We've been looking at donors, and I've been in contact with my nurse at CCRM quite a bit the past week. I may have more news on that process next week...
First, we really have to get through this miscarriage. For whatever reason fate decided to put this pregnancy in my path at this particular time...I may never know. Is it to prove I'm strong enough to handle anything? To be resilient to whatever challenges I face? Is it to make sure I won't break? I'd love to know the answer to those questions. Haven't I proved all of those things these past 2 and a half years? Haven't I already been dealt a pretty shit hand? I've rebounded from everything life has dealt me and I still move forward.
But at what cost?
I can barely handle being around my super fertile friends and even family members. Not because I'm angry at them for so easily having what my body can't seem to achieve, though it may seem that way from others point of view. I'm just sad...for me. It's hard for me to really be present in their lives because it hurts so much. This is the only way I can protect my heart...what's left to protect of it anyway.
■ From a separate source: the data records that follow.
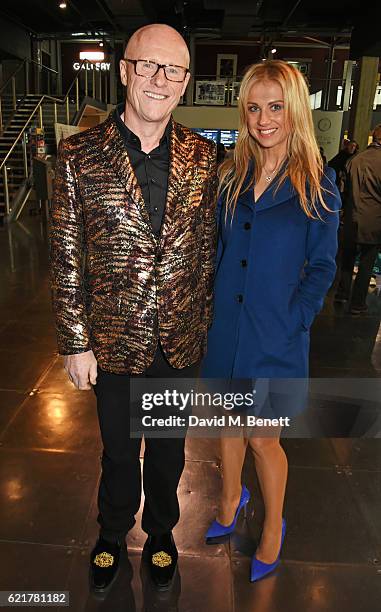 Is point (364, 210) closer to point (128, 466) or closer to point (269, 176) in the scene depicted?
point (269, 176)

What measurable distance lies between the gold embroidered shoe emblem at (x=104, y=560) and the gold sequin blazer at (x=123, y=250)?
707mm

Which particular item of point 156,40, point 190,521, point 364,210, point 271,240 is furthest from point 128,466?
point 364,210

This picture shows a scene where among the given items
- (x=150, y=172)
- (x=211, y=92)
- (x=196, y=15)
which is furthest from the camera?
(x=211, y=92)

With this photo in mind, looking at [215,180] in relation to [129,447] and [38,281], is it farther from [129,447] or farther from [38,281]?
[38,281]

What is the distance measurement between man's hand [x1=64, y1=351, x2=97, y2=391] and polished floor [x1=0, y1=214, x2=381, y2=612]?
76 cm

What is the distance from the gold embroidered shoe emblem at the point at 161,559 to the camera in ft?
5.58

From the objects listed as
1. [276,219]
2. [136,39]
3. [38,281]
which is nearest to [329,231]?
[276,219]

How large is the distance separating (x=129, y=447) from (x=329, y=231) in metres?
0.92

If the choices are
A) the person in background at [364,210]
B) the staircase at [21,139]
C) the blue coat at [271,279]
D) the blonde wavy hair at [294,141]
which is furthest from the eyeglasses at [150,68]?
the staircase at [21,139]

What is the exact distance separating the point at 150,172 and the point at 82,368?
0.59 m

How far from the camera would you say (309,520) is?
2006mm

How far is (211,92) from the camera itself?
15773 mm

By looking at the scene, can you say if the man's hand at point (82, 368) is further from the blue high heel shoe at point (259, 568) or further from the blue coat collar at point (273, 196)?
the blue high heel shoe at point (259, 568)

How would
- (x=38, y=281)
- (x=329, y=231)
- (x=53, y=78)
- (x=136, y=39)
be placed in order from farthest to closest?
(x=53, y=78) < (x=38, y=281) < (x=329, y=231) < (x=136, y=39) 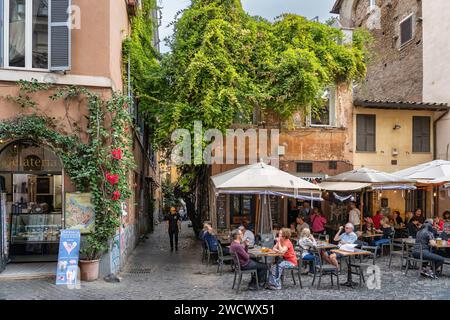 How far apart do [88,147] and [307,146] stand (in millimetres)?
9391

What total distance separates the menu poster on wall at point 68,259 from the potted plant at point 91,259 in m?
0.33

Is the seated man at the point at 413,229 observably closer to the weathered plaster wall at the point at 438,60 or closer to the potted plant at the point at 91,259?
the weathered plaster wall at the point at 438,60

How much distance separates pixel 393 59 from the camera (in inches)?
886

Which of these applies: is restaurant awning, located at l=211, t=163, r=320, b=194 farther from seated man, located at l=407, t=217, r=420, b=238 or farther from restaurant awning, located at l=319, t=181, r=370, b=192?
seated man, located at l=407, t=217, r=420, b=238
I can't have children. That's something that has gone through my mind a lot recently. That simple statement. I can't have a child.
That doesn't mean I can't have a child through extraordinary means. I certainly HOPE that's not the case. I hope with all that I have left in me that donor eggs is our answer. But this miscarriage has broken just a tiny bit of my soul. I've fully come to terms that my eggs are bad, that apparently at the ripe old age of 36. I've waited too long.
I often wonder if my friends, family and even my husband see the woman I'm becoming. If they see me in the way that I feel. Bitter and broken. If they do, how can they possibly see me in the same light as they once did? I can't imagine that my husband thinks I'm that fun-loving, always smiling girl that he's spent the last 12 years with. There's not doubt that this has all changed me. On some levels...maybe for good. Maybe I'll appreciate motherhood in ways that women that have not gone through infertility cannot. Maybe I will be a stronger woman because of all this. But what if I don't become a mother?? Then what? Do I just become this empty shell of a person I used to be? Before infertility.
I'm so sorry for my sorrowful post today. I was so excited a few days ago about what was to come...and maybe still will...but I face a road still marked with challenges.
My beta went back up to 104 yesterday. I need a D&C. Unfortunately, you can't see anything in my uterus or tubes at this point because my levels never progressed past 110. They don't believe it's ectopic because my pain has subsided substantially since last weekend. He also wants to do a D&C, because he knows that I don't want the dreaded methotrexate unless it's absolutely necessary. That would set me back 3 months...at least. Knowing CCRM...they would make me wait longer. Whatever it is...something is hanging on in my body and producing hCG. I can only hope that this is all that is needed to resolve this. So I can really move forward. My biggest fear is obviously the thought of scar tissue and damage. This will be my third D&C in less than two years.
Right now I just feel this ever present, refusing to leave reminder of what could have been. I feel like fate is laughing at me right now.
I hope that next week brings a happier post. One that this is all behind me. One that brings new hope and exciting news. I'm hesitant even to say that at this point...I certainly don't want to jinx anything else.
For now...I'm going to continue on and get through this as I have everything else that infertility has thrown at me and even as tears stream down my face, continue to be "fine".